Poster Session 1: Natural Language Processing (12:00-2:30 PM EDT)
Classifying Sentiment of Tweets Based on External Factors
Vicki Liu

How would you summarize your poster?

My poster explores the concept of grounded emotions, focusing on how external factors – ranging from weather, news exposure, social network emotion charge, timing and mood predisposition – may have a bearing on one’s emotional level throughout the day. By testing the correlation between certain external factors and Twitter sentiment, we explore which of these are most significant in grounding emotions. As a result, we can gain a deeper understanding of the connections that exist between contextual factors and one’s internal emotional state.

What problem were you trying to solve? And what were the key results?

There has been great success using sentiment classifiers based on the textual content of a tweet to classify its sentiment as positive, negative or neutral. However, psychologists have posited that emotions are personal reactions which give validity to interactions with real-world phenomena. For example, they have found interesting patterns in human emotion related to daily, seasonal and weather-related factors. Not only is this something worth learning more about, but also – in today’s political climate – there are many entities that are publishing content to try to sway people to feel positive or negative about certain products or political issues. It is clear that the more we publicly study what primes people toward a particular emotional response, the more we will be able to avoid and inoculate against such unscrupulous tactics. The main results of our study were that, by using a combination of external features, we were able to achieve a 66.9% accuracy WITHOUT analyzing the text of the tweet. This is on par with — or even better than — some state-of-the-art text-based sentiment classifiers that have traditionally been used.

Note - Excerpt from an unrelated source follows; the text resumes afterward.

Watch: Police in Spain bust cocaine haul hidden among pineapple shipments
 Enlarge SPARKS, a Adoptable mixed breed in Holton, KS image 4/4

What is notable about your research or technical development?

To the best of my knowledge, this is the first study that looks at the ability to predict a tweet’s sentiment without relying on the textual content of the tweet itself.

Why are you excited to share it with GHC attendees and other experts in your field?

I’m very excited to share this work with the attendees of the Grace Hopper Celebration because I think it is fun to think about how this study might be expanded or continued. You just need a beginner’s understanding of ML concepts and an interest in what drives the human psyche to try it out yourself.

Poster Session 1: Human Computer Interaction (12:00-2:30 PM EDT)
CATBOT: Automated Triage Bot for Incident Management
Kanika Sabharwal

How would you summarize your poster?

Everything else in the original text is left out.